Although most people know the derivative from calculus, you don't need calculus to define the derivative of a polynomial.
Given a polynomial in $P_n(\Bbb R)$, say:
$p(x) = a_0 + a_1x + a_2x^2 + \cdots + a_nx^n$
We define the derivative $p'(x)$ (I prefer to write this as $Dp$ for reasons we shall see later) as:
$Dp(x) = a_1 + 2a_2x + \cdots + na_nx^{n-1}$
If one uses the basis: $B = {1,x,x^2,\dots,x^n}$ for $P_n(\Bbb R^n)$ one can identify (such an identification is called a linear isomorphism) $P_n(\Bbb R)$ with $\Bbb R^n$ like so:
$a_0 + a_1x + a_2x^2 + \cdots + a_nx^n \mapsto (a_0,a_1,a_2,\dots,a_n)$
In this basis (actually "two bases" but the basis for $P_{n-1}(\Bbb R)$ is "just like" the basis for $P_n(\Bbb R)$), $D$ has the nx(n+1) matrix:
$[D]_B = \begin{bmatrix}0&1&0&\cdots&0\\0&0&2&\cdots&0\\ \vdots&\vdots&\vdots&\ddots&\vdots\\0&0&0&\cdots&n \end{bmatrix}$
which makes it clear $D$ is a linear mapping.
We also have the linear mapping: $L: P_n(\Bbb R) \to P_n(\Bbb R)$ given by:
$L(p(x)) = p(a - x)$ for $a \in \Bbb R$.
It may be instructive to see the matrix of $L$ with respect to the basis $B$:
$[L]_B = \begin{bmatrix}1&a&a^2&\cdots&a^n\\0&-1&-2a&\cdots&-na^{n-1}\\0&0&1&\cdots&\frac{n(n-1)}{2}a^{n-2}\\ \vdots&\vdots&\vdots&\ddots&\vdots\\0&0&0&\cdots&(-1)^n \end{bmatrix}$
So the mapping you are given is just $L \circ D$ (with $a = 1$):
$(L \circ D)(p(x)) = L(D(p(x)) = L(p'(x)) = p'(1 - x)$.
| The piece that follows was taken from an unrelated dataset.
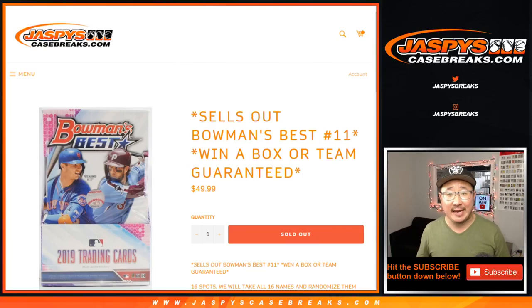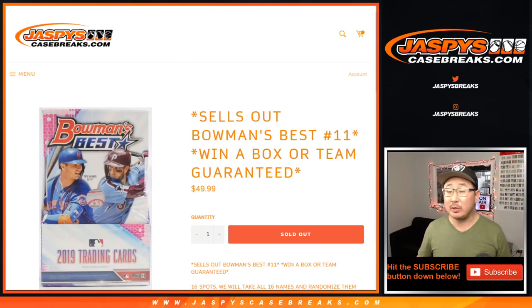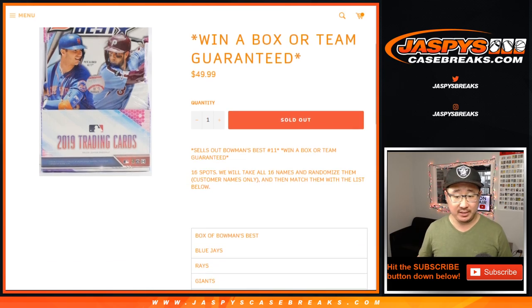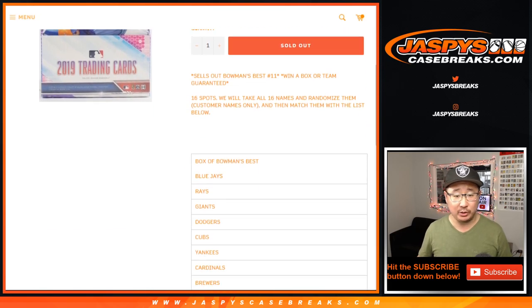Hi everyone, Joe for Jaspy's CaseBreaks.com. Bowman's Best is sold out. We just have to do this team random right here.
For the case $n = 3$, we can see $D$ as having the 3x4 matrix:
$\begin{bmatrix}0&1&0&0\\0&0&2&0\\0&0&0&3 \end{bmatrix}$
and $L$ as being the 3x3 matrix (with $a = 1$):
$\begin{bmatrix}1&1&1\\0&-1&-2\\0&0&1\\ \end{bmatrix}$
Then multiplying these two matrices together, we get the 3x4 matrix:
$\begin{bmatrix}0&1&2&3\\0&0&-2&-6\\0&0&0&3 \end{bmatrix}$ which is the matrix for $T$ in the basis $B$.
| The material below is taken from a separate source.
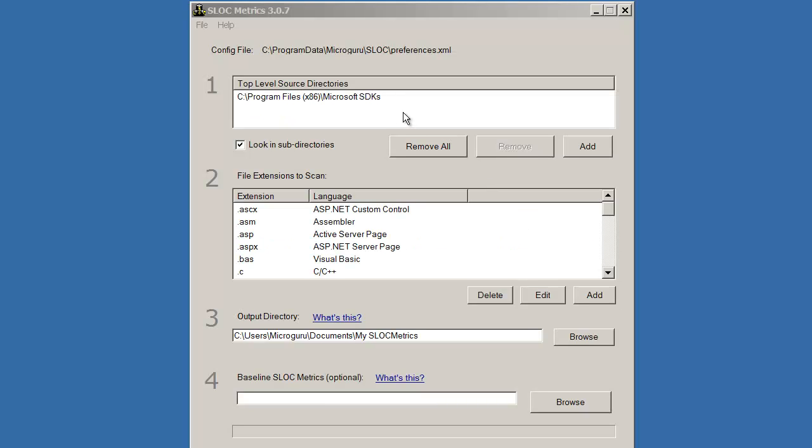This is the main window of the Slock Metrics tool. The only required input is one or more source directories to scan for source files.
Now the vector representing the constant polynomial $p(x) = 1$ in the basis $B$ is just: (1,0,0,0), while the vector representing $x$ is (0,1,0,0), the vector representing $x^2$ is (0,0,1,0), and the vector representing $x^3$ is (0,0,0,1). So applying the matrix of $T$ to these vectors, we get
$T(1) \to [T(1,0,0,0)]_B = [0,0,0]_B \to 0$
$T(x) \to [T(0,1,0,0)]_B = [1,0,0]_B \to 1$
$T(x^2) \to [T(0,0,1,0)]_B = [2,-2,0]_B \to 2-x = 2(1-x)$
$T(x^3) \to [T(0,0,0,1)]_B = [3,-6,3]_B \to 3 - 6x + 3x^2 = 3(1 - x^2)$
If, instead, your book had defined:
$T(p(x)) = (p(x))'$
we would have taken $D \circ L$, giving a different 3x4 matrix (using a 4x4 "L").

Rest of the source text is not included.